Leonard Kuhi, head of the University’s astronomy department, wrote in an e-mail that he is looking forward to the event. The observatory promises to be innovative in its discovery, he wrote.
The $110 million Large Binocular Telescope sits on the top of Mount Graham, near Safford, Ariz. It has been the center of controversy because the Apache American Indian tribe considers the mountain holy.
A fire on the mountain threatened to damage the observatory in July, but it remained unscathed. The University invested $5 million in the project.
Although the telescope will not be complete until 2006, it is already gathering data, said Peter Strittmatter, director of the University of Arizona’s Steward Observatory.
“Everything is moving along pretty smoothly,” he said.
University of Minnesota astronomers will be able to use the telescope in a year when the second mirror is added, Kuhi wrote.
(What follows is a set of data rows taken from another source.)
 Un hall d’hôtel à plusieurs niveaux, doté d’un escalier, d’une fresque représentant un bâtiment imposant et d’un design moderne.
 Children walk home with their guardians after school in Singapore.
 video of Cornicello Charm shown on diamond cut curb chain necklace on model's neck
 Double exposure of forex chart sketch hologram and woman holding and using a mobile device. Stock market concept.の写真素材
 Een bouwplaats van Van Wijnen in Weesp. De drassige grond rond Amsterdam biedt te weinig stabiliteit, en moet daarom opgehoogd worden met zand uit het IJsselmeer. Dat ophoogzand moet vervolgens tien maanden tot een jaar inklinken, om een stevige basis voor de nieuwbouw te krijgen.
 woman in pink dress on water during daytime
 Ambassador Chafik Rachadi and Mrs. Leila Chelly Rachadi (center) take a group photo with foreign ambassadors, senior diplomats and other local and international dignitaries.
After almost 20 years of planning for the telescope, Kuhi wrote, it is “tremendously exciting” to be near completion.
He wrote it is unpredictable to know what discoveries the telescope will make.
“New telescopes and new instruments have always brought surprising new discoveries,” he wrote.
Despite the technological advancements the telescope will offer, members of the Apache tribe have voiced concern over the project. No tribe members could be reached for comment.
In April, tribe members said the mountain is their most sacred site.
“(Mount Graham) is the connection between the spiritual world and the world of today,” said Wendsler Nosie, director of Apaches for Cultural Preservation.
Kuhi wrote he is still optimistic that the dispute can be resolved.
“The mountain really is big enough for all of us,” he wrote.